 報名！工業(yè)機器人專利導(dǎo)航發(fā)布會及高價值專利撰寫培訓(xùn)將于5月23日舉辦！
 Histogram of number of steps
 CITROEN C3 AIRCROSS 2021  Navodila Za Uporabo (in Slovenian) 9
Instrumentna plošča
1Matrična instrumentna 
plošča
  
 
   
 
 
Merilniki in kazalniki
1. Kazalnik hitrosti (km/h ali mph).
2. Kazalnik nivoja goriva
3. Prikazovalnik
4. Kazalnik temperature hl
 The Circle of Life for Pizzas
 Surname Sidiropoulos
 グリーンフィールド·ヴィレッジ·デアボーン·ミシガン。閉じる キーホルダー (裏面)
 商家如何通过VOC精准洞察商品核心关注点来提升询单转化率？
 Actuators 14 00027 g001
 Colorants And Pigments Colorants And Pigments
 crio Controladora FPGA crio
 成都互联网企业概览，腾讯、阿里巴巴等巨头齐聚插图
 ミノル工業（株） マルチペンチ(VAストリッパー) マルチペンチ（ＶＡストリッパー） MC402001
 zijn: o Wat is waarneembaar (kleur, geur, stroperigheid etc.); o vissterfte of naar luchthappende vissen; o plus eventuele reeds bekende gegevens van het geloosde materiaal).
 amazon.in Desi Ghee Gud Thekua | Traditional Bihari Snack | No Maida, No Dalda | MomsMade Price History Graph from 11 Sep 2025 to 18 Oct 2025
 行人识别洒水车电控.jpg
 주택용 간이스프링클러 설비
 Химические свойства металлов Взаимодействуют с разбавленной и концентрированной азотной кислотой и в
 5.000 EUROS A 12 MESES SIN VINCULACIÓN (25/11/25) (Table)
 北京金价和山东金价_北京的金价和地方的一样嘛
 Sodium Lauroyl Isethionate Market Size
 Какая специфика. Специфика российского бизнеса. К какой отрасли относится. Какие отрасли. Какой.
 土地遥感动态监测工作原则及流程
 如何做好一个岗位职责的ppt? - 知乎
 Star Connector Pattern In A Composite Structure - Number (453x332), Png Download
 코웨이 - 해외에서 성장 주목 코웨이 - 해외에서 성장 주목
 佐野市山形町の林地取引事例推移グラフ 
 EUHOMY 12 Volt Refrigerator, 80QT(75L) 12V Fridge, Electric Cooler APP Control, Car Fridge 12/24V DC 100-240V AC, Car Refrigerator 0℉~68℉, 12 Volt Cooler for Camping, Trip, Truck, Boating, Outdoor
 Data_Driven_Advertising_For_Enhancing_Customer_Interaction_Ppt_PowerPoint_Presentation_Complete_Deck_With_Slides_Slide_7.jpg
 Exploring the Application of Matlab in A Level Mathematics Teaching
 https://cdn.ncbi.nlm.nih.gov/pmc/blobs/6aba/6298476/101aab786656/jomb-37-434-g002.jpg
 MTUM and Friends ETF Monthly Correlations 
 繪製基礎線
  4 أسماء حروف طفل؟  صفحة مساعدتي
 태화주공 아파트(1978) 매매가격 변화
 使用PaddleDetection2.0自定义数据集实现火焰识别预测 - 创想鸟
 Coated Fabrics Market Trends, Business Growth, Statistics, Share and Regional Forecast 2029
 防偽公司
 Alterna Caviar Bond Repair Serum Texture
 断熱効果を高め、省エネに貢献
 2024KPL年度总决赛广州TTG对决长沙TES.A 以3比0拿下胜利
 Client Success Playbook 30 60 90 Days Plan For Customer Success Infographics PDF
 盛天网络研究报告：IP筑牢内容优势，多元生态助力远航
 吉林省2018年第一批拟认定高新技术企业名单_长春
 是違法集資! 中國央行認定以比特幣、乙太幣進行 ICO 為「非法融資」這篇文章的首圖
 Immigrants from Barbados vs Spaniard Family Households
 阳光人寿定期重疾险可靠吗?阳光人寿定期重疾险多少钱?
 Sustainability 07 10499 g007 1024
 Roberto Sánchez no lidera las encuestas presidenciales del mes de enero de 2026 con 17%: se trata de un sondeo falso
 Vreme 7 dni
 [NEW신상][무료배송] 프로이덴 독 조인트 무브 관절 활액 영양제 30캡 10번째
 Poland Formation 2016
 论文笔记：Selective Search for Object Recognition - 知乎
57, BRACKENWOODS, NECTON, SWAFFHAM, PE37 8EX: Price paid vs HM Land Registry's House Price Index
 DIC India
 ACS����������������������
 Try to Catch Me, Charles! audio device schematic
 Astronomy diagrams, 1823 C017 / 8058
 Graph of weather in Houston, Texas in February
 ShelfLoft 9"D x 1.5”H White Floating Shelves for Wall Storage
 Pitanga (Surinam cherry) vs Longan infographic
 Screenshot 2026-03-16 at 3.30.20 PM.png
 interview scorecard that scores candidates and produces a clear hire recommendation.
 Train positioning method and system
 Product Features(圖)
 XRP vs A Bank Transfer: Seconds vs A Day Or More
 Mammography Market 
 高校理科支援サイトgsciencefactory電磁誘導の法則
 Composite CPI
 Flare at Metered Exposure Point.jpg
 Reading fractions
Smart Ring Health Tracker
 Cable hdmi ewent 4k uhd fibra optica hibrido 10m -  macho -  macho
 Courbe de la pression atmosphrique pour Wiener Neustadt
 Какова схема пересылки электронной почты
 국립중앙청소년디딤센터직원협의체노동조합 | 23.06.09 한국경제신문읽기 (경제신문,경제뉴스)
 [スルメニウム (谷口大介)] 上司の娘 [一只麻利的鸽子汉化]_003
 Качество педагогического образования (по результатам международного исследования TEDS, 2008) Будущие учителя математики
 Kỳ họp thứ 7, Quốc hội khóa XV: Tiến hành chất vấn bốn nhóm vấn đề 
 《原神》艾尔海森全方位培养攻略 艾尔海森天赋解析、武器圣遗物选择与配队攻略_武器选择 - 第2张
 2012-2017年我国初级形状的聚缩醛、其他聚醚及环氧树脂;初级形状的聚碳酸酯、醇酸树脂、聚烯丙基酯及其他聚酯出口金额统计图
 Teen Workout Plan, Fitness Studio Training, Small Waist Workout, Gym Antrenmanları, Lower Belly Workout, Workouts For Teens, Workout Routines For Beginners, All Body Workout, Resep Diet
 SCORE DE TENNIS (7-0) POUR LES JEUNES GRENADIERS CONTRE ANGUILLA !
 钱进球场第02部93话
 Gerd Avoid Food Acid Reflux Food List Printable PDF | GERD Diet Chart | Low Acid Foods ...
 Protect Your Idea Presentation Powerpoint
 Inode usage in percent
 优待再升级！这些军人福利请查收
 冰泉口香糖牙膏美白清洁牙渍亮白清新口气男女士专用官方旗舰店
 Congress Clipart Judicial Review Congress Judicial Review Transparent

• WHAT THE EXERCISE ASKS: Retype all of the entries exactly, please.

• TASK OUTPUT:
 報名！工業(yè)機器人專利導(dǎo)航發(fā)布會及高價值專利撰寫培訓(xùn)將于5月23日舉辦！
 Histogram of number of steps
 CITROEN C3 AIRCROSS 2021  Navodila Za Uporabo (in Slovenian) 9
Instrumentna plošča
1Matrična instrumentna 
plošča
  
 
   
 
 
Merilniki in kazalniki
1. Kazalnik hitrosti (km/h ali mph).
2. Kazalnik nivoja goriva
3. Prikazovalnik
4. Kazalnik temperature hl
 The Circle of Life for Pizzas
 Surname Sidiropoulos
 グリーンフィールド·ヴィレッジ·デアボーン·ミシガン。閉じる キーホルダー (裏面)
 商家如何通过VOC精准洞察商品核心关注点来提升询单转化率？
 Actuators 14 00027 g001
 Colorants And Pigments Colorants And Pigments
 crio Controladora FPGA crio
 成都互联网企业概览，腾讯、阿里巴巴等巨头齐聚插图
 ミノル工業（株） マルチペンチ(VAストリッパー) マルチペンチ（ＶＡストリッパー） MC402001
 zijn: o Wat is waarneembaar (kleur, geur, stroperigheid etc.); o vissterfte of naar luchthappende vissen; o plus eventuele reeds bekende gegevens van het geloosde materiaal).
 amazon.in Desi Ghee Gud Thekua | Traditional Bihari Snack | No Maida, No Dalda | MomsMade Price History Graph from 11 Sep 2025 to 18 Oct 2025
 行人识别洒水车电控.jpg
 주택용 간이스프링클러 설비
 Химические свойства металлов Взаимодействуют с разбавленной и концентрированной азотной кислотой и в
 5.000 EUROS A 12 MESES SIN VINCULACIÓN (25/11/25) (Table)
 北京金价和山东金价_北京的金价和地方的一样嘛
 Sodium Lauroyl Isethionate Market Size
 Какая специфика. Специфика российского бизнеса. К какой отрасли относится. Какие отрасли. Какой.
 土地遥感动态监测工作原则及流程
 如何做好一个岗位职责的ppt? - 知乎
 Star Connector Pattern In A Composite Structure - Number (453x332), Png Download
 코웨이 - 해외에서 성장 주목 코웨이 - 해외에서 성장 주목
 佐野市山形町の林地取引事例推移グラフ 
 EUHOMY 12 Volt Refrigerator, 80QT(75L) 12V Fridge, Electric Cooler APP Control, Car Fridge 12/24V DC 100-240V AC, Car Refrigerator 0℉~68℉, 12 Volt Cooler for Camping, Trip, Truck, Boating, Outdoor
 Data_Driven_Advertising_For_Enhancing_Customer_Interaction_Ppt_PowerPoint_Presentation_Complete_Deck_With_Slides_Slide_7.jpg
 Exploring the Application of Matlab in A Level Mathematics Teaching
 https://cdn.ncbi.nlm.nih.gov/pmc/blobs/6aba/6298476/101aab786656/jomb-37-434-g002.jpg
 MTUM and Friends ETF Monthly Correlations 
 繪製基礎線
  4 أسماء حروف طفل؟  صفحة مساعدتي
 태화주공 아파트(1978) 매매가격 변화
 使用PaddleDetection2.0自定义数据集实现火焰识别预测 - 创想鸟
 Coated Fabrics Market Trends, Business Growth, Statistics, Share and Regional Forecast 2029
 防偽公司
 Alterna Caviar Bond Repair Serum Texture
 断熱効果を高め、省エネに貢献
 2024KPL年度总决赛广州TTG对决长沙TES.A 以3比0拿下胜利
 Client Success Playbook 30 60 90 Days Plan For Customer Success Infographics PDF
 盛天网络研究报告：IP筑牢内容优势，多元生态助力远航
 吉林省2018年第一批拟认定高新技术企业名单_长春
 是違法集資! 中國央行認定以比特幣、乙太幣進行 ICO 為「非法融資」這篇文章的首圖
 Immigrants from Barbados vs Spaniard Family Households
 阳光人寿定期重疾险可靠吗?阳光人寿定期重疾险多少钱?
 Sustainability 07 10499 g007 1024
 Roberto Sánchez no lidera las encuestas presidenciales del mes de enero de 2026 con 17%: se trata de un sondeo falso
 Vreme 7 dni
 [NEW신상][무료배송] 프로이덴 독 조인트 무브 관절 활액 영양제 30캡 10번째
 Poland Formation 2016
 论文笔记：Selective Search for Object Recognition - 知乎
57, BRACKENWOODS, NECTON, SWAFFHAM, PE37 8EX: Price paid vs HM Land Registry's House Price Index
 DIC India
 ACS����������������������
 Try to Catch Me, Charles! audio device schematic
 Astronomy diagrams, 1823 C017 / 8058
 Graph of weather in Houston, Texas in February
 ShelfLoft 9"D x 1.5”H White Floating Shelves for Wall Storage
 Pitanga (Surinam cherry) vs Longan infographic
 Screenshot 2026-03-16 at 3.30.20 PM.png
 interview scorecard that scores candidates and produces a clear hire recommendation.
 Train positioning method and system
 Product Features(圖)
 XRP vs A Bank Transfer: Seconds vs A Day Or More
 Mammography Market 
 高校理科支援サイトgsciencefactory電磁誘導の法則
 Composite CPI
 Flare at Metered Exposure Point.jpg
 Reading fractions
Smart Ring Health Tracker
 Cable hdmi ewent 4k uhd fibra optica hibrido 10m -  macho -  macho
 Courbe de la pression atmosphrique pour Wiener Neustadt
 Какова схема пересылки электронной почты
 국립중앙청소년디딤센터직원협의체노동조합 | 23.06.09 한국경제신문읽기 (경제신문,경제뉴스)
 [スルメニウム (谷口大介)] 上司の娘 [一只麻利的鸽子汉化]_003
 Качество педагогического образования (по результатам международного исследования TEDS, 2008) Будущие учителя математики
 Kỳ họp thứ 7, Quốc hội khóa XV: Tiến hành chất vấn bốn nhóm vấn đề 
 《原神》艾尔海森全方位培养攻略 艾尔海森天赋解析、武器圣遗物选择与配队攻略_武器选择 - 第2张
 2012-2017年我国初级形状的聚缩醛、其他聚醚及环氧树脂;初级形状的聚碳酸酯、醇酸树脂、聚烯丙基酯及其他聚酯出口金额统计图
 Teen Workout Plan, Fitness Studio Training, Small Waist Workout, Gym Antrenmanları, Lower Belly Workout, Workouts For Teens, Workout Routines For Beginners, All Body Workout, Resep Diet
 SCORE DE TENNIS (7-0) POUR LES JEUNES GRENADIERS CONTRE ANGUILLA !
 钱进球场第02部93话
 Gerd Avoid Food Acid Reflux Food List Printable PDF | GERD Diet Chart | Low Acid Foods ...
 Protect Your Idea Presentation Powerpoint
 Inode usage in percent
 优待再升级！这些军人福利请查收
 冰泉口香糖牙膏美白清洁牙渍亮白清新口气男女士专用官方旗舰店
 Congress Clipart Judicial Review Congress Judicial Review Transparent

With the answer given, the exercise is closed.